Gegen Ende des achtzehnten Jahrhundertes gewann die Dampfmaschine durch
die Erfindungen von Humphry Potter, James Watt und Anderen
eine Vollendung, welche der Anwendung der Dampfkraft eine ungeahnte
Verbreitung und Bedeutung verlieh. Im Jahre 1807 benützte sie bereits
Fulton zum Betriebe eines Schiffes, welches den Verkehr zwischen
New-York und Albany vermittelte; im Jahre 1814 baute Robert Stephenson
seine erste, für das Kohlenwerk Killingworth bestimmte Locomotive und 1829
wurde die erste Dampfeisenbahn (von Liverpool nach Manchester) in Betrieb gesetzt.
Das Zeitalter des Dampfes war angebrochen. Nun ist kaum mehr als ein halbes
Jahrhundert verflossen und schon gewinnt es den Anschein, als ob ein neues
Zeitalter, eine neue Epoche in der Culturgeschichte der Menschheit beginnen sollte.

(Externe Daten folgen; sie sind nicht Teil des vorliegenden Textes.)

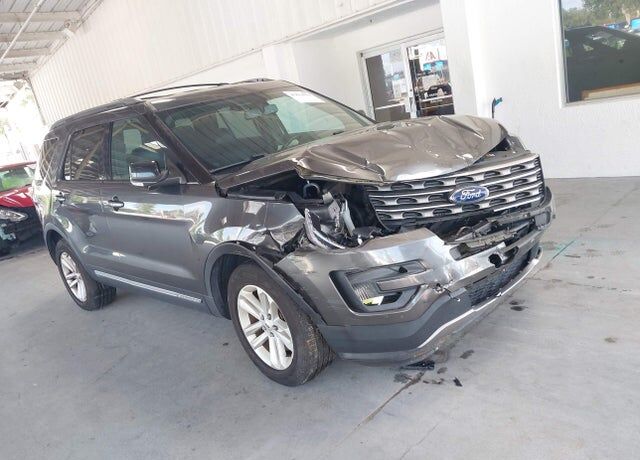 2017 FORD Explorer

Die beiden geheimnißvollen Naturkräfte, Elektricität und Magnetismus, deren
Wesen zu enträthseln bisher noch nicht gelungen ist, erringen sich mit jedem Tage
eine größere Bedeutung. Nicht streng wissenschaftliche Forschungen, Laboratoriums-
Experimente oder gelehrte Hypothesen und Theorien sind es, die gegenwärtig das
allgemeine Interesse in so hohem Maße beanspruchen, sondern praktisch verwerthbare
Erfindungen; weder dem Fachmanne noch dem Laien können sie unbemerkt bleiben,
da sie auf Schritt und Tritt, wohin wir auch unsere Blicke wenden mögen, uns
entgegentreten.

Fragen wir nach der Ursache, welcher die Elektricität ihre Macht, ihre Be-
deutung verdankt, so wird uns diese Frage dadurch beantwortet, daß wohl keine
andere Naturkraft sich so leicht in jede gewünschte Form der Kraft verwandeln
läßt, als eben die Elektricität. Sie verläßt ihre Geburtsstätte und eilt am tiefen
Meeresgrunde von Continent zu Continent, erzählt dort, was die Menschen drüben
und herüben treiben; sie fliegt durch die Lüfte und flüstert uns die Worte ins
Ohr, wie der weit entfernte liebe Freund sie gesprochen hat -- auch nicht eine
Silbe ist auf dem weiten Wege aus dem dünnen Eisenfaden verloren gegangen.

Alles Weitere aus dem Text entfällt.